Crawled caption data
+ + + + +
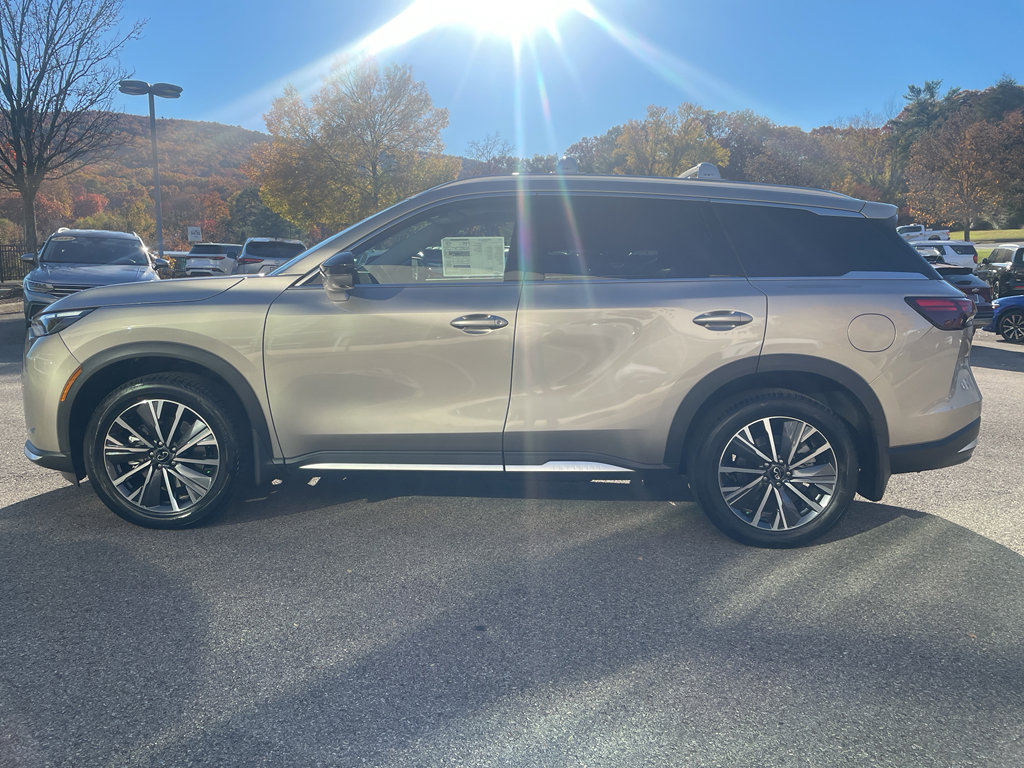New 2026 INFINITI QX60 Luxe image 11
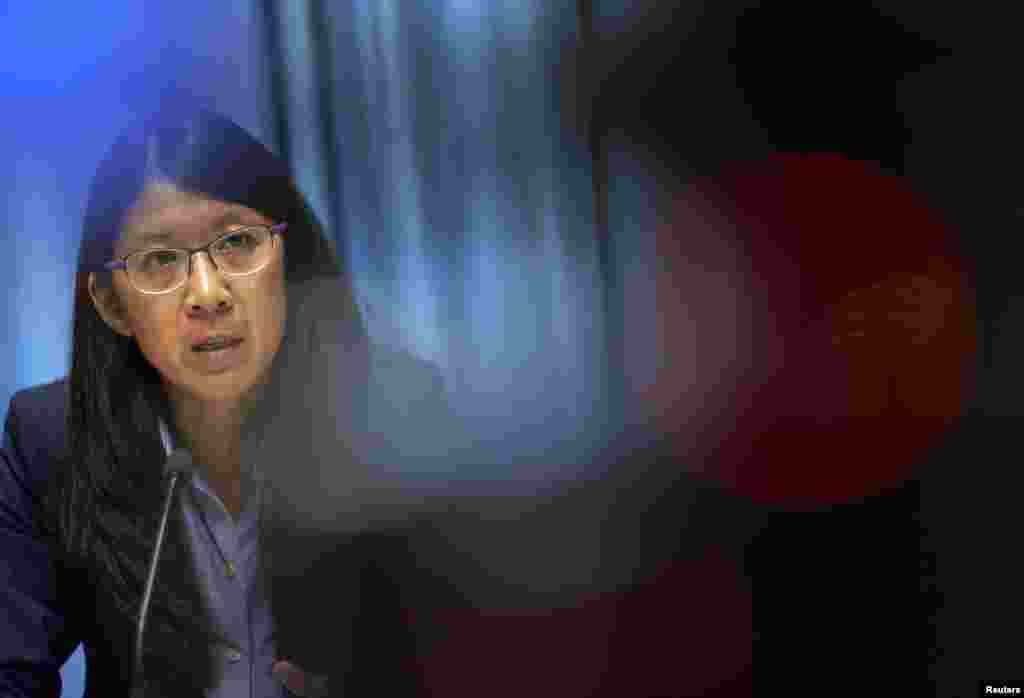 Shugabar Kungiyar Likitoci Masu Taimakama Masu Karamin Karfi Joanne Liu Ta Yi Kira Da Ayi Biincike A Kan Mummunan Harin Bam Da Sojin Amurka Suka Kai Kan Wani Asibiti A Birnin Kunduz Kasar Afghanistan, Oktoba 7, 2015. 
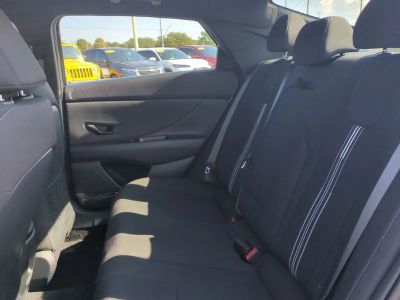 2026 Hyundai ELANTRA — photo 14 view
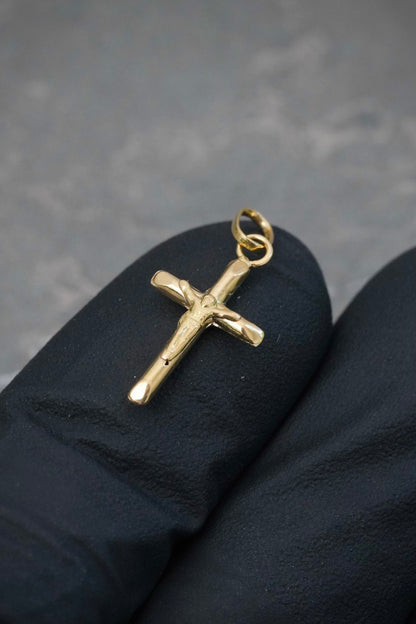Dije Cruz con Cristo 0.35gr / 2.1cm / 9.4mm — Oro Amarillo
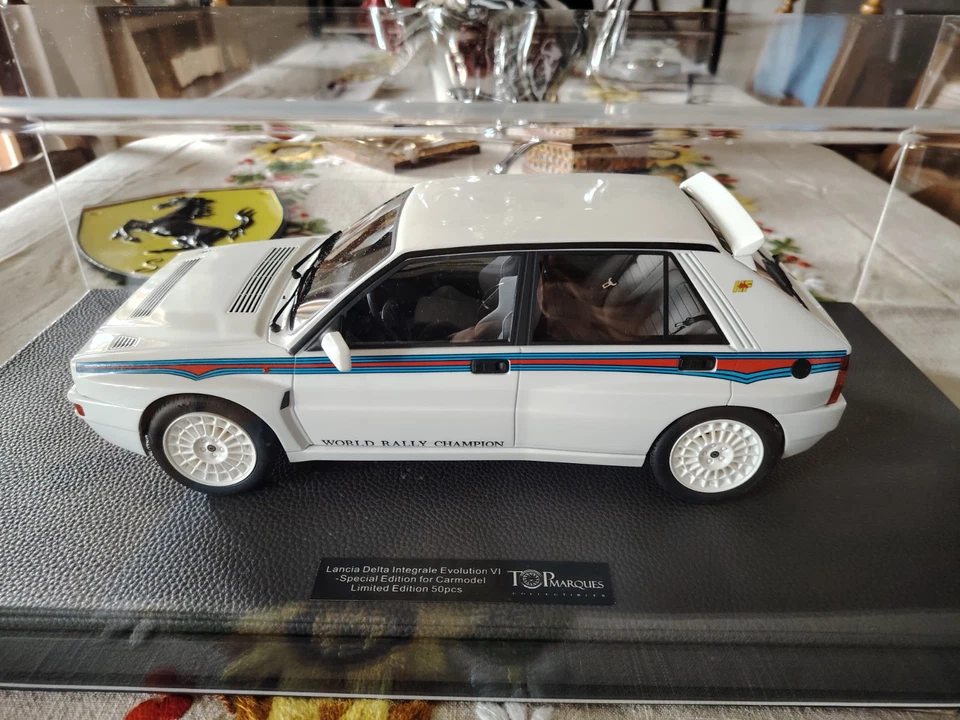 LANCIA DELTA INTEGRALE EVOLUTION MARTINI  VI  TOP MARQUES 1/12 - Immagine 1 di 4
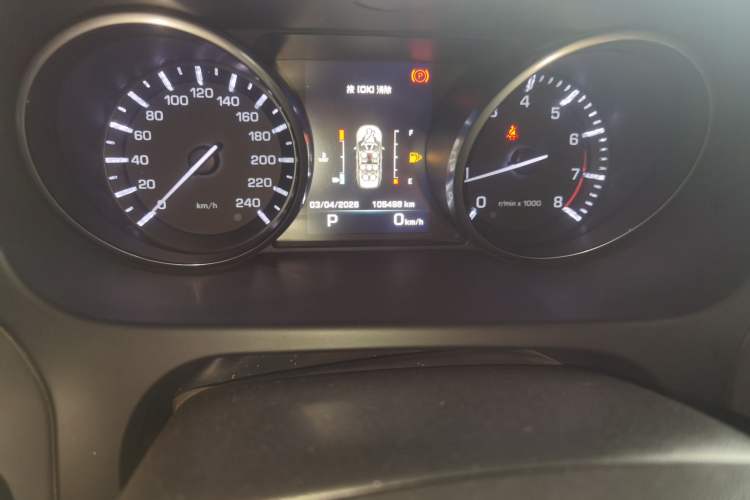 Used Land Rover Discovery Sport 2016 2.0T HSE Odometer Close Up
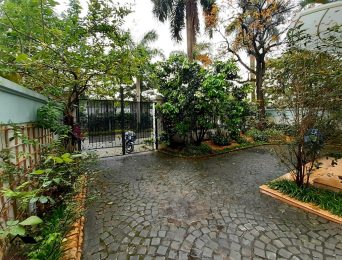 Commodious Ciputra villa for rent in block C, Tay Ho, Hanoi (39)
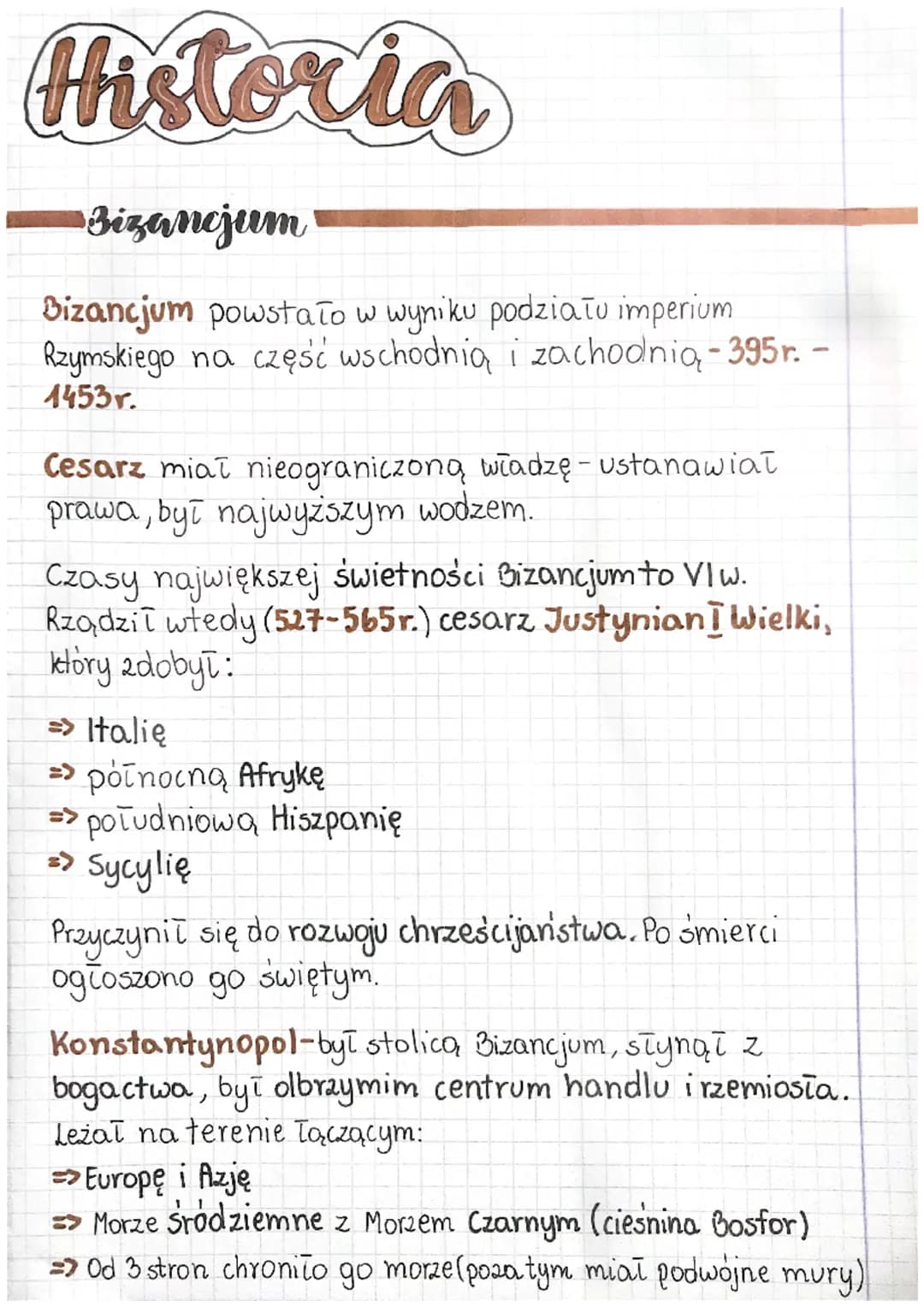 Historia
-Bizancjum
Bizancjum powstało w wyniku podziału imperium
Rzymskiego na część wschodnią i zachodnią -395r.-
1453r.
Cesarz miał nieog
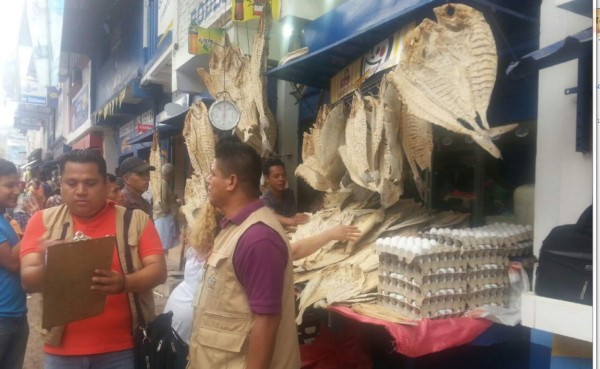 Decomisan unas 400 libras de pescado malo en la capital de Honduras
+ + + + +
▶ **Requirement**
Search the data above for the word "Bizancjum". Copy each line it is in.

▶ **Solution to this problem**
-Bizancjum
Bizancjum powstało w wyniku podziału imperium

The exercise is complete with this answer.